Senegal – Italien – Deutschland – Senegal

Nach seinem Abschluss arbeitete Mamadou im Meridien President Hotel in Dakar und lebte zusammen mit seinen Eltern in Mbao, einem Vorort der senegalesischen Hauptstadt. Obwohl er einen relativ sicheren Job hatte, strebte Mamadou nach mehr und verließ Senegal mit 18 Jahrenauf dem Landweg in Richtung Europa. Über Mali, Burkina Faso und Niger gelangte er nach Libyen. Es war eine gefahrvolle Reise, bei der er sich nicht nur immer wieder unpassierbaren Wegstrecken inmitten der Wüste sowie beinahe-Unfällen mit anderen Wagen gegenüber sah, sondern auch Opfer von Betrügereien Mitreisender wurde. In Libyen angekommen, wurde der junge Mann in ein Internierungslager für illegale Einwanderer in Tripolis gebracht, wo er sowohl an körperlicher als auch an moralischer Folter durch libysche Polizeibeamten zu leiden hatte.

Völlig erschöpft, kehrte Mamadou zu seinen Eltern zurück. Seinen Plan, in Europa ein neues Leben anzufangen, hatte er jedoch noch immer nicht aufgegeben. Da ihm die finanziellen Mittel fehlten, eine Überfahrt nach Italien zu bezahlen, bat er schließlich seine Eltern um das benötigte Geld. Gemeinsam mit 140 Männern, Frauen und Kindern machte sich Mamadou schließlich an Bord einer Piroge auf den Seeweg in Richtung Europa. Viele von ihnen sollten die Überfahrt nicht überleben, denn das Boot erlitt Schiffbruch auf offener See. Mamadou gehörte zu den wenigen, die sich schwimmend bis in Küstennähe retten und bei Sizilien von der italienischen Marine an Bord genommen werden konnten.

Die ersten Wochen in Europa verbrachte der junge Senegalese in einem Auffanglager für Migrant*innen.

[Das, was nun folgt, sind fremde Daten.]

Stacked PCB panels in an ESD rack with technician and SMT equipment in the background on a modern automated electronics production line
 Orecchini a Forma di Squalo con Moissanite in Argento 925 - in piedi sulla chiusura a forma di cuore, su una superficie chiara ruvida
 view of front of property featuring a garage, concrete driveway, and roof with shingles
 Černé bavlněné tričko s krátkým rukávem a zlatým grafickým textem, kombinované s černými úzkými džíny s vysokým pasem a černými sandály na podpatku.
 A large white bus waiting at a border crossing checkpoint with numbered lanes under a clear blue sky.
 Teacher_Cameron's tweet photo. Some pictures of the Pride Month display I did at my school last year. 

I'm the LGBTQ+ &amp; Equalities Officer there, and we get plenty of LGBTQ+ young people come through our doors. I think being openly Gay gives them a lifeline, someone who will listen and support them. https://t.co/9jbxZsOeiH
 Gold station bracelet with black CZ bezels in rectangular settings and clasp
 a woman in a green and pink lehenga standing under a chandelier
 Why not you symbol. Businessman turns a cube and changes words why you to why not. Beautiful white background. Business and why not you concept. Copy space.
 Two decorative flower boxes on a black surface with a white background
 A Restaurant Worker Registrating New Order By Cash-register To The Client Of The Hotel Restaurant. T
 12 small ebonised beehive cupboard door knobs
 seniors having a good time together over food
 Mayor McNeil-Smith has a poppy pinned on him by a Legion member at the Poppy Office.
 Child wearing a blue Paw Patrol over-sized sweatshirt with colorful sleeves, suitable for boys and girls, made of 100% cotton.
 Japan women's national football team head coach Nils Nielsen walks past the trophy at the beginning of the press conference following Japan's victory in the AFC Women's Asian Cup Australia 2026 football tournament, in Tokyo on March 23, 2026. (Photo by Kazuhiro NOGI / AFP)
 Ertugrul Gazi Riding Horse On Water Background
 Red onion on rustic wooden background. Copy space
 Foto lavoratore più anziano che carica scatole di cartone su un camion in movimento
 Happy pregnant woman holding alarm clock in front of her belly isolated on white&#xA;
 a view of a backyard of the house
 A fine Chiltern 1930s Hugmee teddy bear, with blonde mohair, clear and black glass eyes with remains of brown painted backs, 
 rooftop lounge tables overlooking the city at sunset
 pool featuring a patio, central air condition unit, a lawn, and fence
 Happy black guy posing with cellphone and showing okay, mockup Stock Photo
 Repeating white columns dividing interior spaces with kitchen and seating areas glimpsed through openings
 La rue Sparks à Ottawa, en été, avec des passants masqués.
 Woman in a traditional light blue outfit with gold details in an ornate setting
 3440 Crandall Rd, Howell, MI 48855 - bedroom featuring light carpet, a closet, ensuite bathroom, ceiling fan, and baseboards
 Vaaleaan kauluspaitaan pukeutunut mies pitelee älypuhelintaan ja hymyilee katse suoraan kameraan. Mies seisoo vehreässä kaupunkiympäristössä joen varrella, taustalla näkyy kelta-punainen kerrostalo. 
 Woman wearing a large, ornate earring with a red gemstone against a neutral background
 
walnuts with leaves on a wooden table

Zwei Jahre nach seiner Ankunft in Italien, verließ Mamadou das Land  mit dem Zug in Richtung Bamberg. Hier lebte er zwei Jahre in einer sozialen Aufnahmestelle. Das folgende Jahr verbrachte Mamadou in einer psychiatrischen Einrichtung in München.

Aufgrund seines sich stetig verschlechternden Gesundheitszustands und diverser Schwierigkeiten, sich in der neuen Umgebung zurechtzufinden, musste Mamadou 2019 nach Senegal zurückkehren. An Bord des Flugzeugs, das ihn in seine Heimat zurückbrachte, befanden sich mehrere seiner Landsleute, die im Rahmen eines Rückführungsabkommens zwischen Senegal und Deutschland ausgewiesen wurden.

Zurück in Dakar, verwies das Centre sénégallo-allmand Mamadou  zur weiteren psychotherapeutischen Behandlung an das House of Hope. Zu dieser Zeit waren die Auswirkungen der Covid-19-Pandemie in Senegal bereits deutlich zu spüren. Die Therapiesitzungen im House of Hope fanden unter strengen Hygiene- und Sicherheitsmaßnahmen statt. Die Projektleitung hatte zudem verfügt, den projekteigenen Minivan für Klient*innenfahrten zu nutzen, sodass sich die Möglichkeit der Ansteckung auf ein Mindestmaß reduzierte. Allein aufgrund dieser getroffenen Vorkehrungen sah sich der junge Senegalese dazu in der Lage, an den Sitzungen teilzunehmen.

Schon im Verlauf des ersten Termins wurde deutlich, dass Mamadou unter einer stark ausgeprägten Posttraumatischen Belastungsstörung litt, die immer wieder dazu führte, dass die vergangenen Ereignisse unvermittelt und heftig über ihn hereinbrachen. Im Verlauf der Therapie nahm die Zahl der Flash-Backs deutlich ab. Dabei hat der Umstand, dass die Therapeut*innen des House of Hope ihren Klient*innen zu nahezu jeder Tageszeit zur Verfügung stehen und die Gespräche mit viel Empathie für ihr Gegenüber führen, laut Mamadou maßgeblich zur Verbesserung seiner gesundheitlichen Situation beigetragen.

Mit Unterstützung des Centre sénégallo-allmand in Dakar hofft der junge Mann in der Nähe seiner Eltern, mit denen er wieder zusammenlebt, ein kleines Restaurant eröffnen zu können. Auch wenn es aktuell noch keine Frau in seinem Leben gibt, so hofft er, in nicht allzu ferner Zukunft heiraten und eine Familie gründen zu können.